The first hound stepped under a streetlight. The dog had brown and green eyes.

“Oh, crud,” Michael said. “Um, Lina?”

“Don’t tell me. The giant dogs are Ven, too?”

He nodded. “Bingo. Remember what I said about not moving too fast?”

“Yeah.”

The giant hounds sprang toward them.

“Forget it. Run for your life!”

Spinning on his heels, he bolted away. Lina was only a step behind. But the dogs were fast, and it took Michael only seconds to realize they couldn’t outrun them. They had to find somewhere to hide.

“This way, Lina.” He ducked into the alley between Pete’s Barbershop and the Flintville Furniture Store.

The dogs were right behind them, but their numbers worked against them in the mouth of the narrow alley, crowding them together and slowing them down.

Michael paused to knock over a couple of garbage cans to discourage pursuit, and Lina swept by him.

A large dumpster blocked all but a thin portion of the alley ahead. Lina leapt over the garbage bin without slowing, and he squeezed his way past the dumpster behind her.

“Keep going,” he said. “They’re right behind us.”

“I can’t.” Lina pointed ahead to the blank wall fifty feet beyond the dumpster. “This is a dead end.”

There was no way out. They were trapped.

The Ven hounds had sorted themselves out. Two by two, they came down the alley with hackles raised and raw hunger gleaming in their mismatched eyes.

Michael searched the ground for some kind of weapon—a pipe, a brick, anything.
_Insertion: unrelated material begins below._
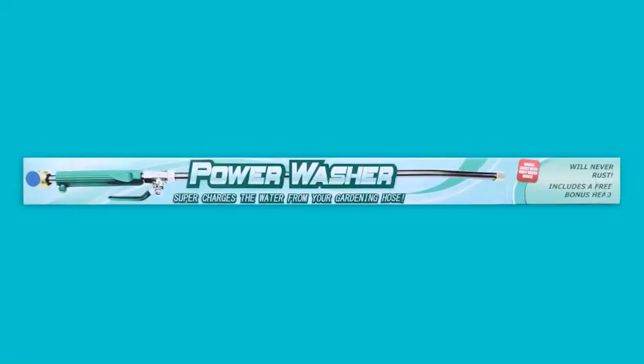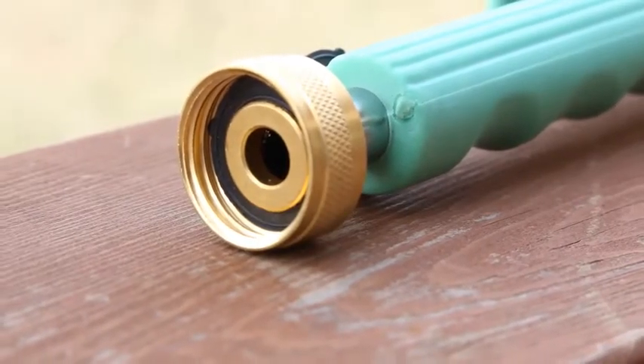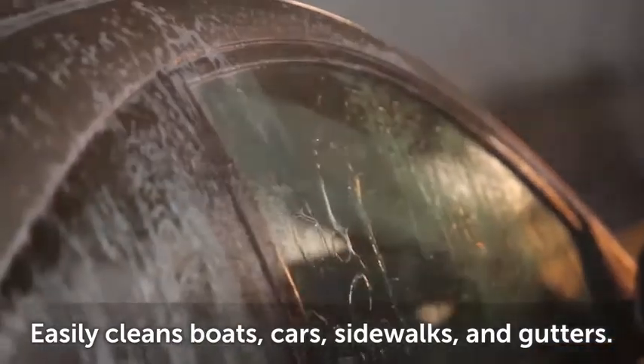Power through your chores with this power washer. It attaches easily to your standard garden hose, and supercharges the water to clean anything and everything.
All he saw were torn cardboard boxes and plastic soda bottles.

“Do something,” Lina told him.

Michael gave her an incredulous look. “Like what?”

She slugged him hard in the arm.

“Ow! What was that for?”

“What do you mean, ‘like what’?” she demanded. “Make with the special effects and smash those mutts. You know, like at the fountain.”

Michael rubbed his throbbing bicep. “I can’t do that here.” That wasn’t exactly true. The bricks called to the stonesong with a hum only a little different from the street or sidewalk. He might be able to stop the dogs, but if he lost control and started breaking things, he could bury them
all
beneath a ton of brick. “If I use the stonesong in here, I could kill us both.”

The first hound edged around the dumpster.

Lina pressed her back to the wall behind her. “We’re going to die anyway if you don’t do something! You have to try.”

The other hounds began moving around the dumpster, and the lead dog took a step toward them.

Michael’s eyes went silver. “You win, Lina.” Pressing his palms against the wall behind him, he bled silver flame into the brick. Merging with the brick and mortar, he spread the stonesong down the length of the alley to the street and took a deep breath. “Cross your fingers. And don’t say I didn’t warn you.”